Миссис Уэнтуорт сказала:

— Я недавно поручила одному очень искусному ирландцу написать портреты моих детей. Я рекомендую его вам, миссис Келли, если вы хотите иметь очень похожие изображения ваших чад. Его зовут Колм О’Коннор. Он, кроме того, рисует этюды, изображающие местных птиц и цветы, и сейчас делает целый альбом таких рисунков для одного лондонского издателя.

— Каких интересных людей вы встречаете в Сиднее! — воскликнула, поднимаясь со своего места, Юджиния. — Давайте оставим джентльменов пить портвейн. Я уже чувствую, что им не терпится поговорить о политике.

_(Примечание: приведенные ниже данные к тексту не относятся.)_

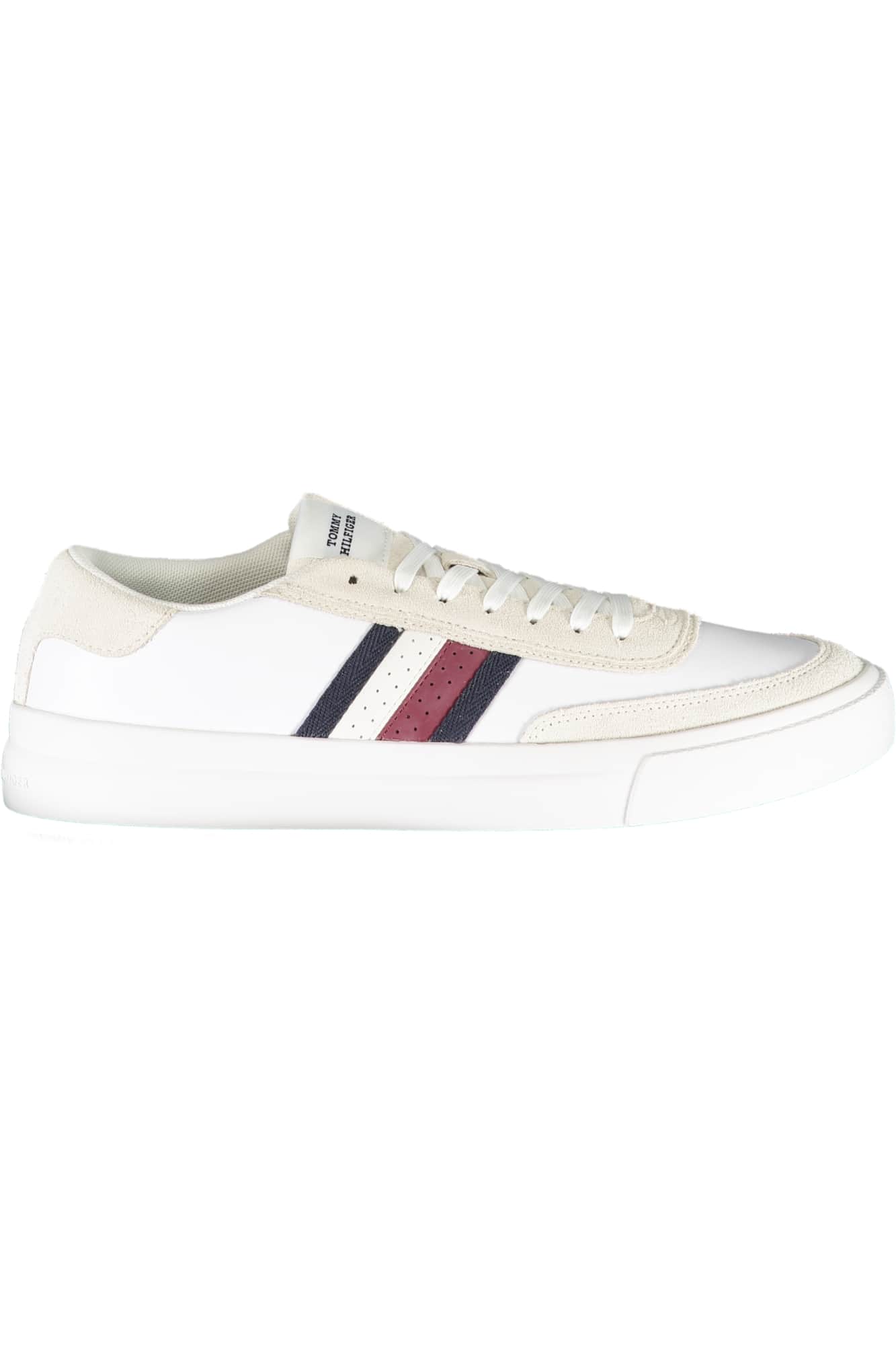 Tommy Hilfiger hombre blanco zapatillas deportivas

— Послушайте, я вполне серьезно советую, — продолжала миссис Уэнтуорт, когда дамы собрались в гостиной. — По-моему, мистер О’Коннор — необыкновенно талантливый художник.

— А у меня ему нечего рисовать, кроме моего попугая, — со смехом сказала Юджиния. — Стоит ли ради этого приглашать его в Ярраби?

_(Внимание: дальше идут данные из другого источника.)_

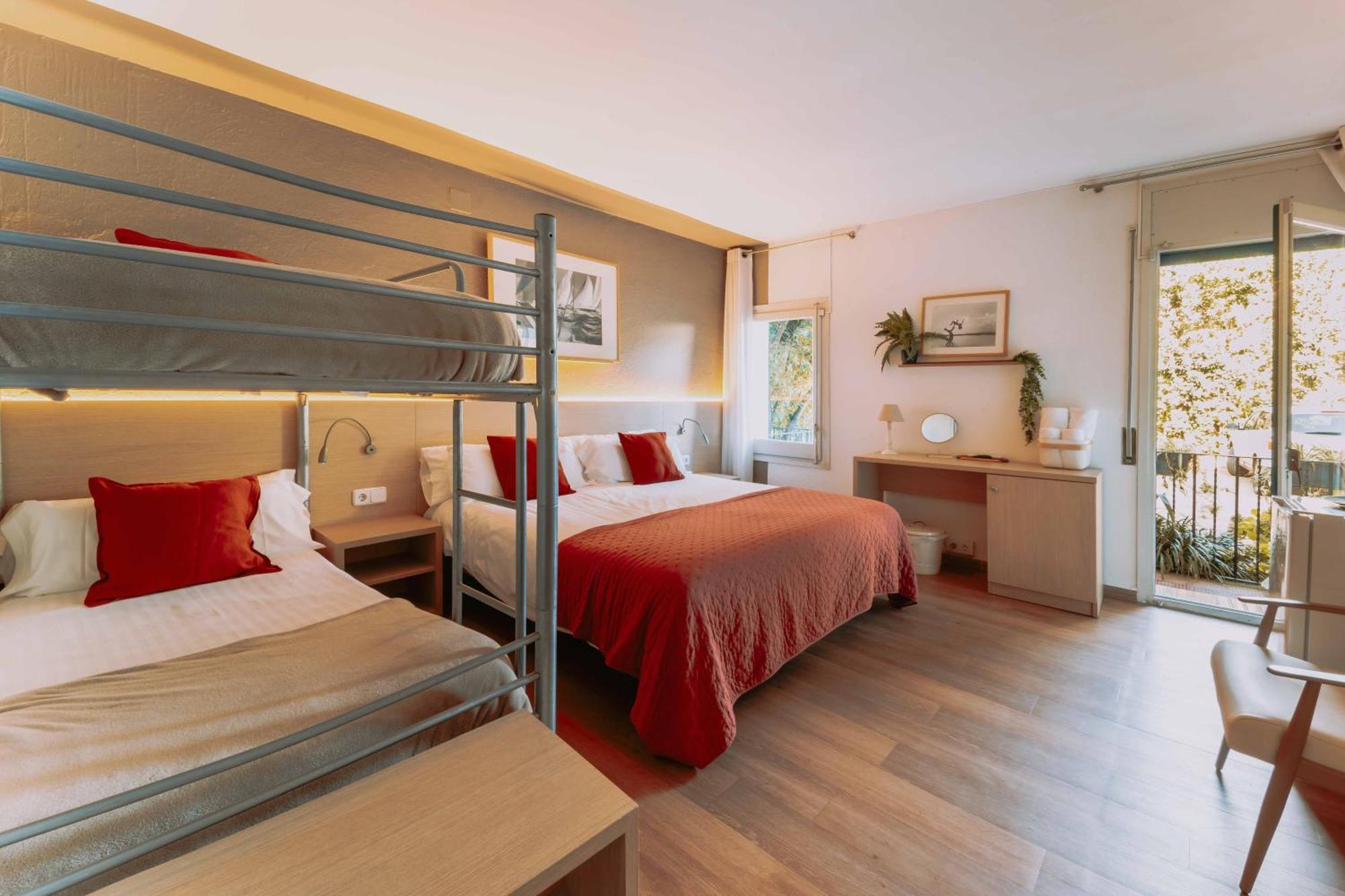 Hotel Bell Repos Platja d'Aro Ngoại thất bức ảnh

— Может быть, в будущем году? — неопределенно заметила миссис Уэнтуорт, и Юджиния снова рассмеялась.

— Вы хотите сказать — когда у меня родится ребенок? Признаться, я мечтаю иметь ребенка. Но а пока, если мистеру О’Коннору случится оказаться в наших краях, ему придется довольствоваться Эразмом, который, кстати, очень неплохая модель для художника.

Вино — сначала сухой красный кларет, а потом сладкий сотерн — настроило ее на веселый лад. Она получила удовольствие от вечера и от собравшегося общества.

— Собственно говоря, я и себя считаю почти настоящей художницей и теперь, когда стало прохладнее, намерена всерьез заняться эскизами. На эвкалиптовых деревьях собираются целые стаи попугаев гала. Они совершенно прелестны. Но почему мы здесь стоим? Кто первый споет что-нибудь или сыграет на рояле? Остальным разрешается усесться поудобнее и ничем не утруждать себя — только внимательно слушать.

Миссис Уэнтуорт довольно мило спела что-то, но остальные дамы наотрез отказались даже рот открыть.

— Дорогая моя, если вы способны только квакать, как лягушка, такой голос лучше не демонстрировать, — заявила Мерион Ноукс. — Теперь ваша очередь выступать, Юджиния.